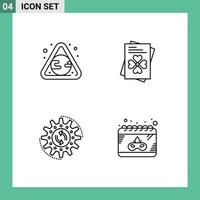 ensemble de 4 moderne ui Icônes symboles panneaux pour Terre production déchets Irlande travail modifiable vecteur conception éléments
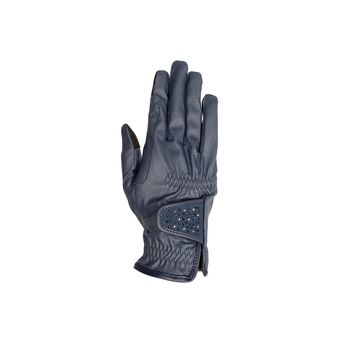 Hy Equestrian Shimmer Riding Gloves Navy With Navy/Silver Diamantes alternative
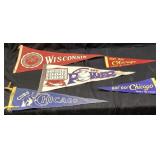 (5) VTG. SPORT PENNANTS, CHICAGO CUBS, WISCONSIN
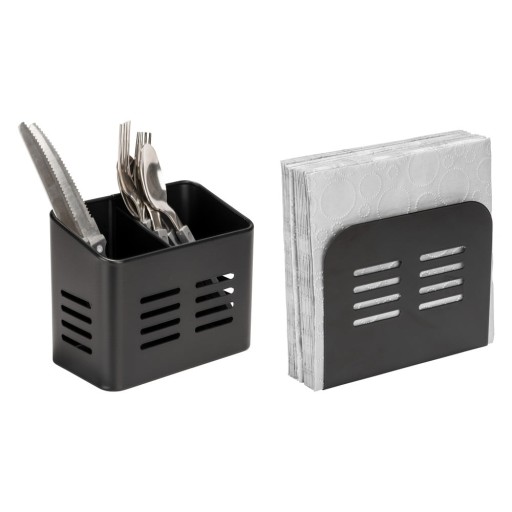 Set de suporturi pentru tacâmuri și șervetele 2 buc. din metal Black Outdoor Kitchen Baco – Wenko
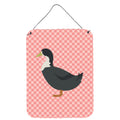 CarolineS Treasures Blue Swedish Duck Pink Check Metal Print, 16Hx12W, Multicolor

====

TASK DESCRIPTION -
Could every entry above be printed again exactly, images excluded?

WRITTEN RESPONSE -
 ensemble de 4 moderne ui Icônes symboles panneaux pour Terre production déchets Irlande travail modifiable vecteur conception éléments
 Hy Equestrian Shimmer Riding Gloves Navy With Navy/Silver Diamantes alternative
 (5) VTG. SPORT PENNANTS, CHICAGO CUBS, WISCONSIN
 Set de suporturi pentru tacâmuri și șervetele 2 buc. din metal Black Outdoor Kitchen Baco – Wenko
 CarolineS Treasures Blue Swedish Duck Pink Check Metal Print, 16Hx12W, Multicolor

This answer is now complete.